Assignment: Each line below must be reproduced exactly, though the pictures are to be dropped.

____ Recorded information

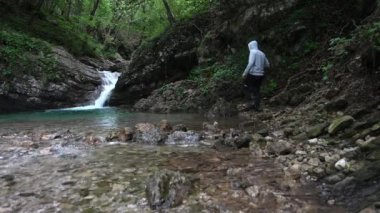  Çocuk Pozze di Erve 'yi keşfediyor.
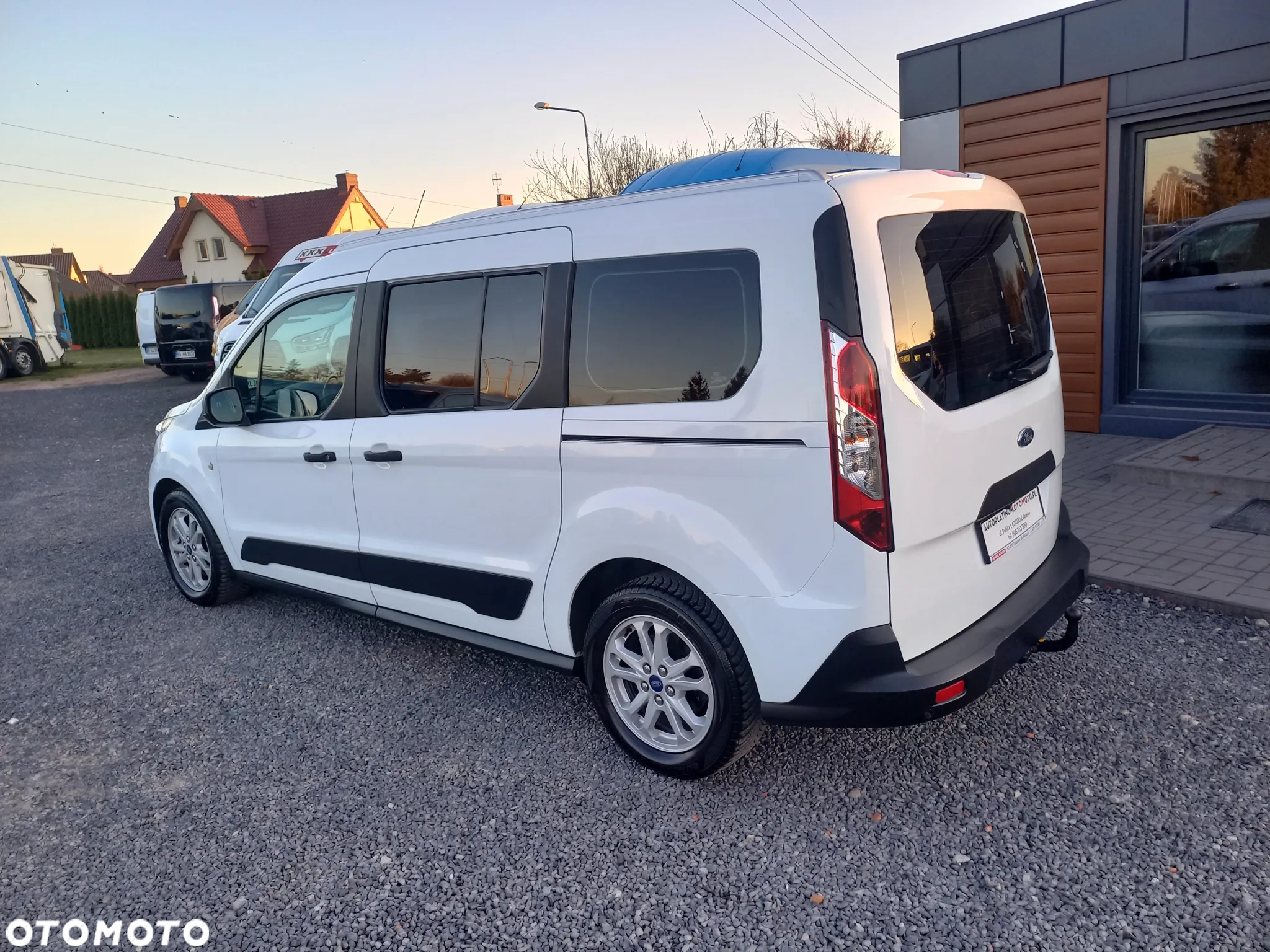 Ford Tourneo Connect - 4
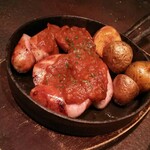 岡むら - 『 カレーソース  DE  鉄板ソーセージ 』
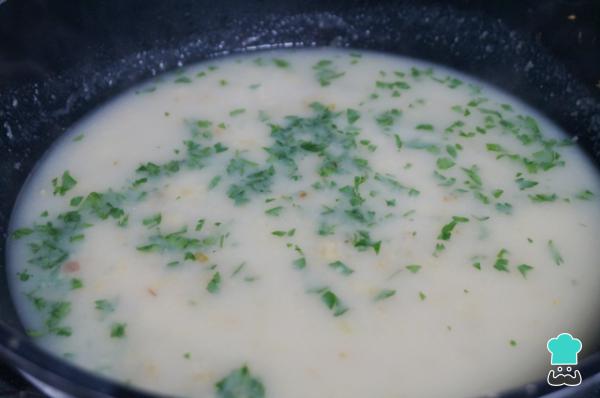 Receta de Merluza en salsa verde de la abuela - Paso 4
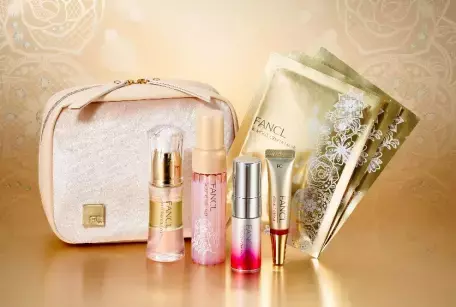 集中保湿とエイジングケアでみずみずしいふっくら肌へ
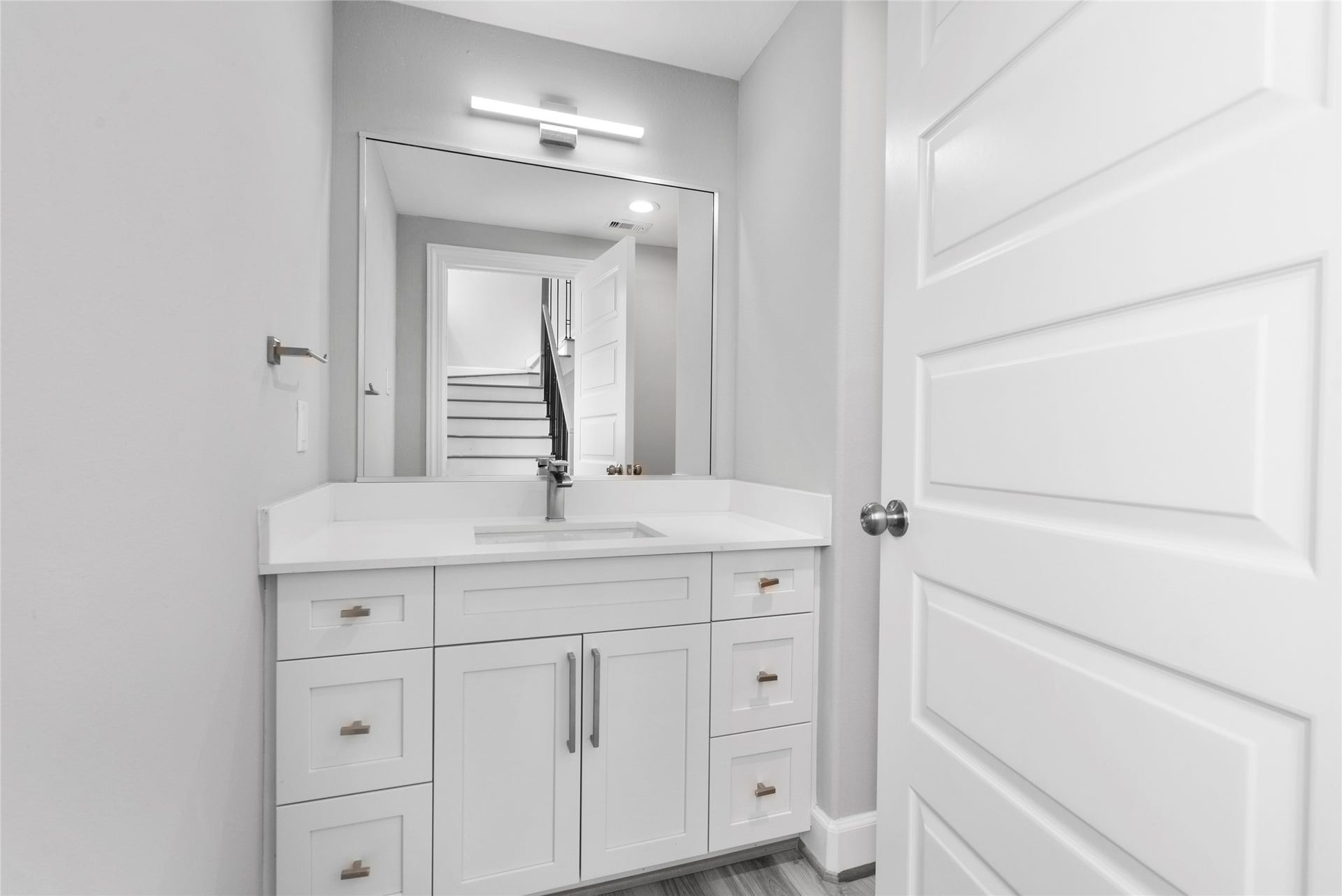 1122 W 16th Street, #B, Houston, TX 77008 Powder room - Second floor
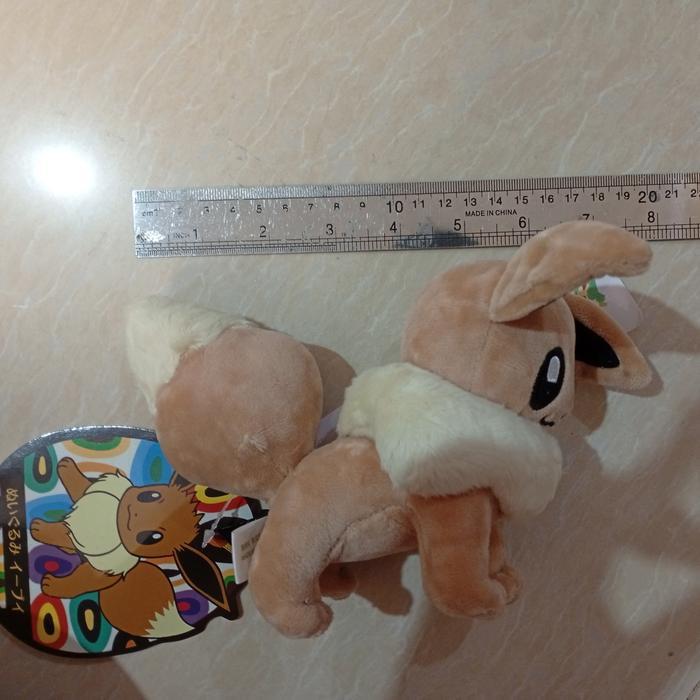 Boneka Pokemon Eevee Evolution 15-20cm Pokemon Doll / Cute Plush Hadiah Ulang Tahun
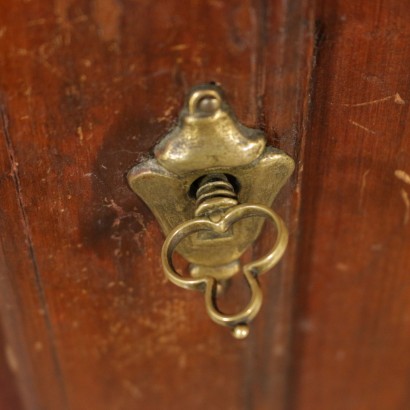 Credenza Scantonata-particolare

________

Result of this task:
  Çocuk Pozze di Erve 'yi keşfediyor.
 Ford Tourneo Connect - 4
 岡むら - 『 カレーソース  DE  鉄板ソーセージ 』
 Receta de Merluza en salsa verde de la abuela - Paso 4
 集中保湿とエイジングケアでみずみずしいふっくら肌へ
 1122 W 16th Street, #B, Houston, TX 77008 Powder room - Second floor
 Boneka Pokemon Eevee Evolution 15-20cm Pokemon Doll / Cute Plush Hadiah Ulang Tahun
 Credenza Scantonata-particolare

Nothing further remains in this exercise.